This is an archived snapshot of W3C's public bugzilla bug tracker, decommissioned in April 2019. Please see the home page for more details.
A few files in ExpectedTestResults start out with "Byte Order Mark" U+FEFF. For example: ExpectedTestResults/Expressions/FLWORExpr/ForExprType/ForExprType056.xml I'm no Unicode expert, but this seems wrong. Byte Order Mark only makes sense in UTF-16 to distinguish big-endian from little-endian. It does not belong in UTF-8, which these files are. Of course it's easy to just ignore the initial Byte Order mark, but I wanted to at least put this bug report on the record. ForExprType036.xml ForExprType055.xml ForExprType056.xml ForExprType058.xml ForExprType059.txt ForExprType060.txt ForExprType062.xml
The XML 1.0 specification (section 4.3.3) states that entities encoded in UTF-8 may begin with a byte order mark and that XML parsers must handle this. However, this was a late change to the spec and many older parsers don't like it. I'd suggest you find a more recent parser.
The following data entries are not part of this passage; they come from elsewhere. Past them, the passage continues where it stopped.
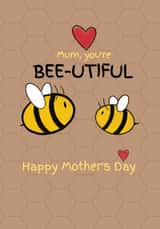 mother mum Mothers Day Card 18875 created by Charlotte Eales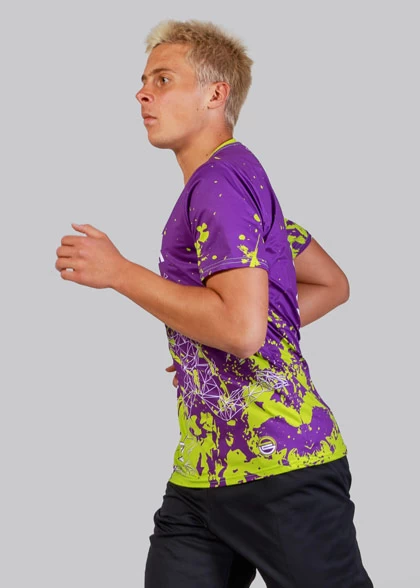 Беговая футболка RUN-TS-002
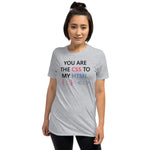 You Are The CSS To My HTML - Unisex T-Shirt
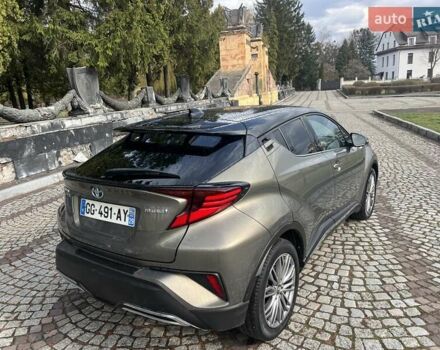 Зеленый Тойота C-HR, объемом двигателя 1.99 л и пробегом 57 тыс. км за 26500 $, фото 28 на Automoto.ua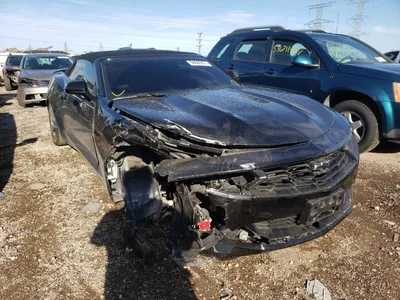 Chevrolet Camaro LT 2023 на трассе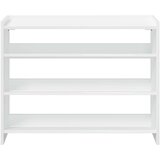  Stalak za cipele bijeli 80x25x62 cm od konstruiranog drva | shoptok.hr
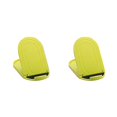 thumbnail image 4 of relayinert Adjustable Notebook Lifter Lightweight Small Laptop Stand Adjustable Silicone Computer Cooling Rack Kickstand PC Bracke yellow 2Set, 4 of 6
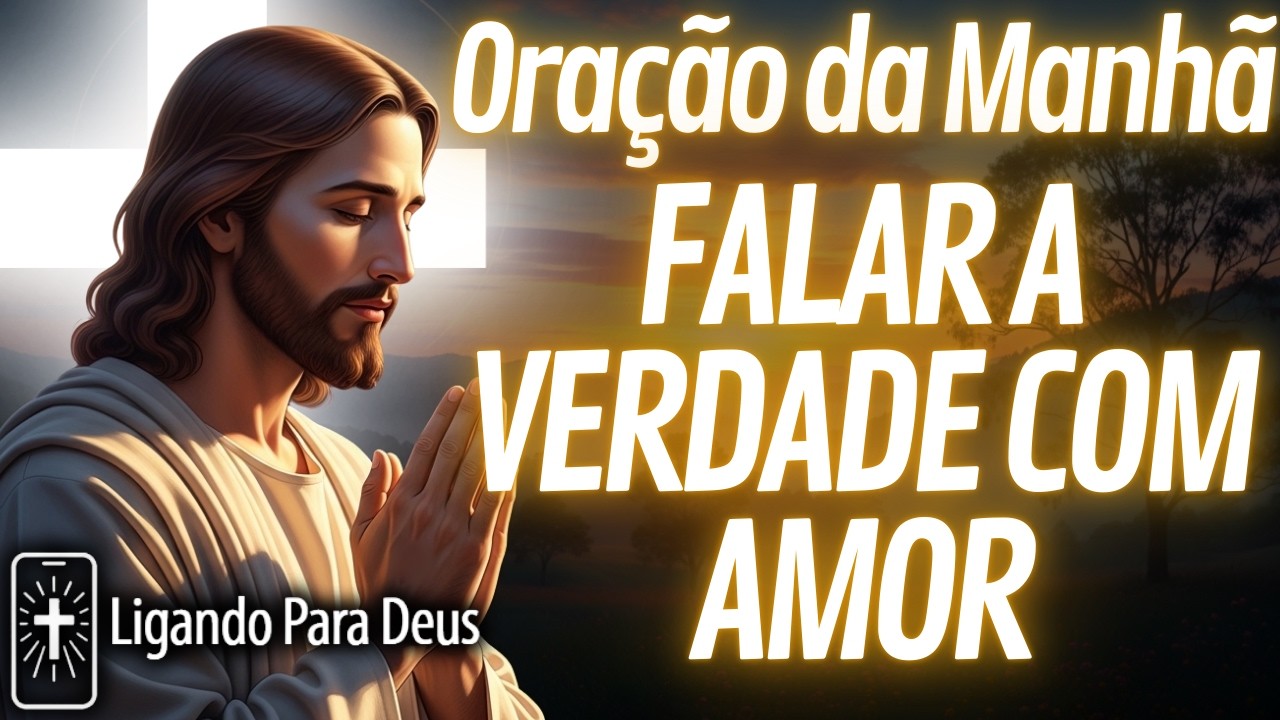 Oração da Manhã | APRENDER A CORRIGIR COM DELICADEZA E SABEDORIA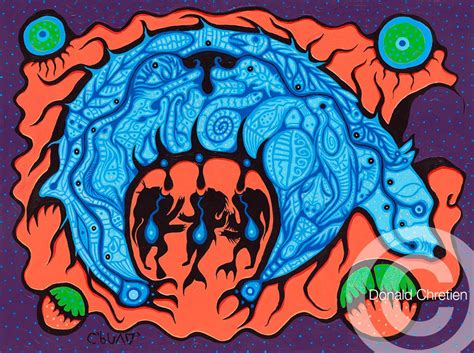 Discover the Enchanting Beauty of Ojibwe Fish Art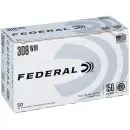 FEDERAL 308 WIN 150GR FMJ-BT 50RD/BX 5BX/CS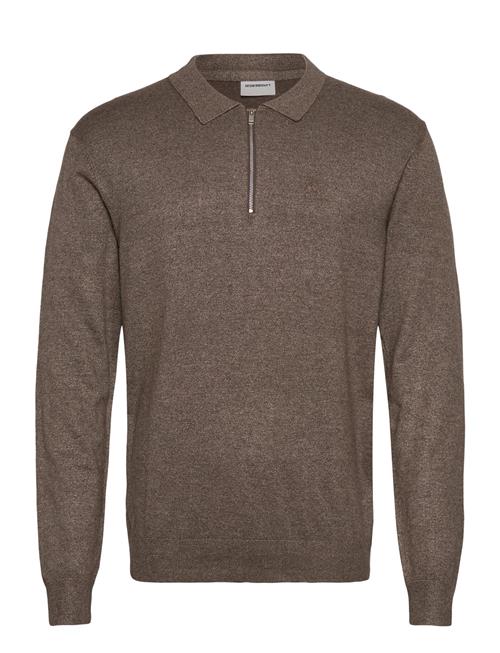 Lindbergh | Ecovero L/S Zip Polo | XL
(In reply to comment #1) > The XML 1.0 specification (section 4.3.3) states that entities encoded in UTF-8 > may begin with a byte order mark and that XML parsers must handle this. > However, this was a late change to the spec and many older parsers don't like > it. I'd suggest you find a more recent parser. These output files are "Fragment", so they're not even supposed to be valid XML. For example ForExprType059.txt is a lone processing-instruction. So the framework has to treat the expected file as an external parsed entity, which is another useless complication. There is the same argument as I med for bug #3756: If the testsuite can use raw textual comparison between the actual output and thex epected output, then the testsuite is more robust. Anything that requires parsing or messaging the expected output file is another opportunity for not cathcing a bug. This is not a big deal, since it's trivial to work around, but I think it is a blemish (at least) in the testsuite.
I think Per is correct that the BOM here is incompatible with the fragment comparison description which requires that the expected result files are inserted into element content to be made well formed before being parsed. Actually I notice that the guidelines say > For XML fragments, the same root node must be created for both which isn't very clear, but given the context I think an element node is meant rather than a document node. Certainly that's what I do. I hadn't noticed these BOM as I read the file using xslt's unparsed-text function which uses xml's algorithm, and so swallows the BOM, before adding a start and end tag and parsing the result, but I don't think that that is required by the guidelines as written, and the BOM should be removed from expected results to be read using the fragment comparison. David
I lean towards Per's suggestion. If it was a query file or an XML file it would have been a different thing, but in this case it's a fairly exotic file with special treatment. So I would prefer to see the BOMs removed.
All: Removed the offending "BOM" characters. Thanks, Carmelo